Journal: Saturday 15 January 2011
I woke this morning to another cloudy day. I’ve never seen so much consistently cloudy weather in Egypt in all my years of coming here. The days are fairly warm, perhaps like a spring day in the UK, but the nights are cold enough to need two duvets on my bed. But enough of weather – an obsession of the English we are told. My main gripe is that my photographs look dull and flat when cloud covers the sun.
We all went up to the monument area and bought tickets at the ticket office. It amazes me that the man in the ticket office remembers me from years ago, even though my visits to Egypt are much less frequent now than they used to be. Fiona, Malcolm and I bought tickets for some nobles tombs, but Sam was going straight to Medinet Habu, where we would meet up later. The three of us began our day at Dra’Abu el-Naga.
The tiny Dynasty XIX tomb of Roy (TT255) was restored and opened to visitors a decade or so ago and that was when I last visited the tomb. Luckily I took photographs then, as they are no longer allowed. The colours and naturalistic paintings are superb and depict Roy, a royal scribe, with his wife Nebtawy in a series of agricultural and funerary scenes. The ceiling of this tomb chapel is especially beautiful with an undulating geometric textile design in yellow, red and black.
The adjacent tomb of Shuroy (TT13) is only a few metres away. Shuroy was chief brazier-bearer of Amun during the Ramesside Period. I think this tomb must have had more restoration since I last saw it as I don’t remember the paintings here being so beautiful. Shuroy’s tomb chapel is slightly larger than Roy’s, being T-shaped, with the modern entrance cut into the rear chamber. This tomb also has beautiful ceilings and typically Ramesside scenes. Tickets for the two tombs cost 15 LE.
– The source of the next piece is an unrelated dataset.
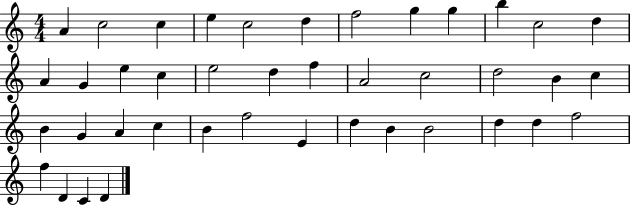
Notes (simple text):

A4/q C5/h C5/q E5/q C5/h D5/q F5/h G5/q G5/q B5/q C5/h D5/q A4/q G4/q E5/q C5/q E5/h D5/q F5/q A4/h C5/h D5/h B4/q C5/q B4/q G4/q A4/q C5/q B4/q F5/h E4/q D5/q B4/q B4/h D5/q D5/q F5/h F5/q D4/q C4/q D4/q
Leaving the Dra’ Abu el-Naga tombs we decided to walk along the monument road. The sun had finally made an appearance. We stopped briefly to watch the activity at a big busy tomb excavation nearby, but there is so much happening in this area now that I wasn’t sure who was working here.
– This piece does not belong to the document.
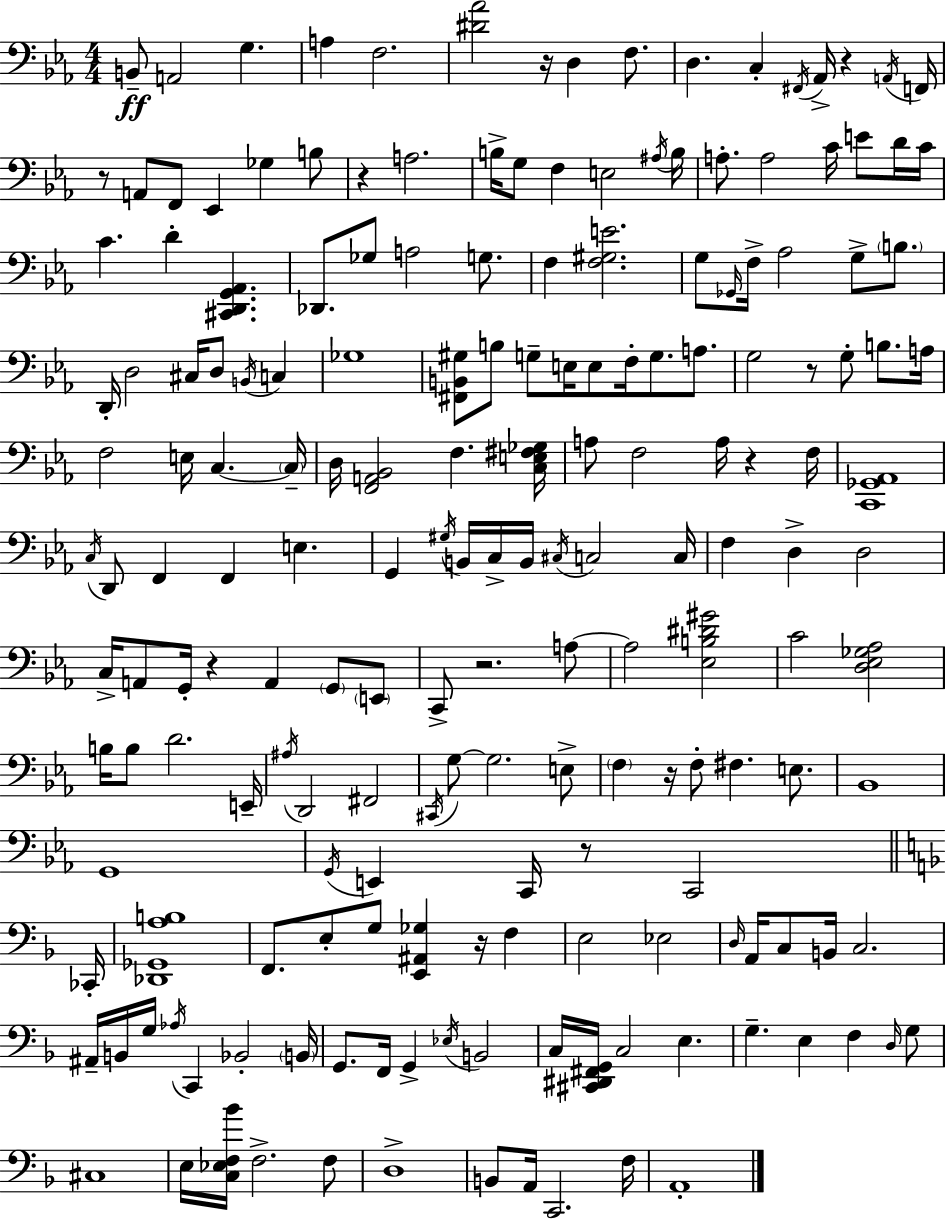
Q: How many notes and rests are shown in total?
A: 185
Many of the old alabaster shops have been pulled down or have now closed. It’s a sad sight, their cheery and colourfully painted exteriors have been a part of the monument road for so many years. A few of the larger ones still exist and one or two had tourist coaches parked outside, the stone-carvers busily chipping away, demonstrating their craft to the tourists, who probably don’t realise that many of the heavy statuettes and translucent vases for sale are factory-manufactured elsewhere. I photographed each building as we passed by – they too could be gone by the time I come again.
We walked past the entrance to Deir el-Bahri, the Temple of Hatshepsut, with its sign saying that photographs are not allowed, even from the end of the road, without buying a ticket! Walking along the sandy track past the huge Shoshenq tomb structure I was chased off by the gafir just for carrying a camera and not even trying to take a picture. We could feel his eyes on us all the way down the road. But I did take photographs of el-Qurn and the vast empty space that was once the village of Sheikh Abd el-Qurna.
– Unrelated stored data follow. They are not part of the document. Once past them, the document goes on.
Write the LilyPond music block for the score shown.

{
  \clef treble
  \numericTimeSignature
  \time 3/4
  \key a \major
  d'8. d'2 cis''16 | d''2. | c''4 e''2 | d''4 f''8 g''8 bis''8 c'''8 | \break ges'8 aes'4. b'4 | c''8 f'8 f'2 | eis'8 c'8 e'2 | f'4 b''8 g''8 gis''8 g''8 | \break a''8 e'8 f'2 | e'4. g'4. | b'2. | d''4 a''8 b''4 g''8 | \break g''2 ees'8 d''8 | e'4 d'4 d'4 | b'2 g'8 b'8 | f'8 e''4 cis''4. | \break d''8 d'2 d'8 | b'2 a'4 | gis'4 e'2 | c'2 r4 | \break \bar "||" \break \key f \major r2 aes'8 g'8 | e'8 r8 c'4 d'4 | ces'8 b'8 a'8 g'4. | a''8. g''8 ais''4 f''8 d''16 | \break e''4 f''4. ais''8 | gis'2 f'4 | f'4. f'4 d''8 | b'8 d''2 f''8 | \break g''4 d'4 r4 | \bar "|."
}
Reaching the Ramesseum we decided on a break. I was feeling quite cold in my short sleeved t-shirt, and it was nice to sit in the sun in the sheltered cafeteria garden to warm up. After half an hour or so we carried on, looking at each of the destroyed temples in turn along the monument road. Not a lot has changed since last year, though I noted that more work has been done on the Tuthmose III temple by the Spanish team of excavators. Standing on the road we looked at the area of Tuthmose’s pylon on the eastern side of the road which has obviously had more uncovered and several rounded low mudbrick shapes have now emerged from the sand.
Eventually we reached the Temple of Rameses III at Medinet Habu and spent a couple of hours looking around. Few changes here either. I wondered how many hours and days I had spent in this temple – probably more than anywhere else in Egypt and every stone and relief is very familiar to me. Occasionally scaffolding has been moved to where cleaning is taking place and I can take a picture or two of a wall that has previously been obscured. Casual visitors to the small Temple of Hatshepsut are still not allowed to go inside due to ongoing work. We watched amazed as a group of young Americans spent their whole temple visit trying to capture each other in mid-leap positions on camera. Fiona decided she just had to emulate them!
By the time we left the temple we were all freezing as there was a cold wind and the sun had once more vanished. We all went into the Hapy Habu Cafe for a delicious hot lemon to warm us up before making our way back to Ramla and an evening of home-cooked dinner and packing up for our desert journey that begins tomorrow.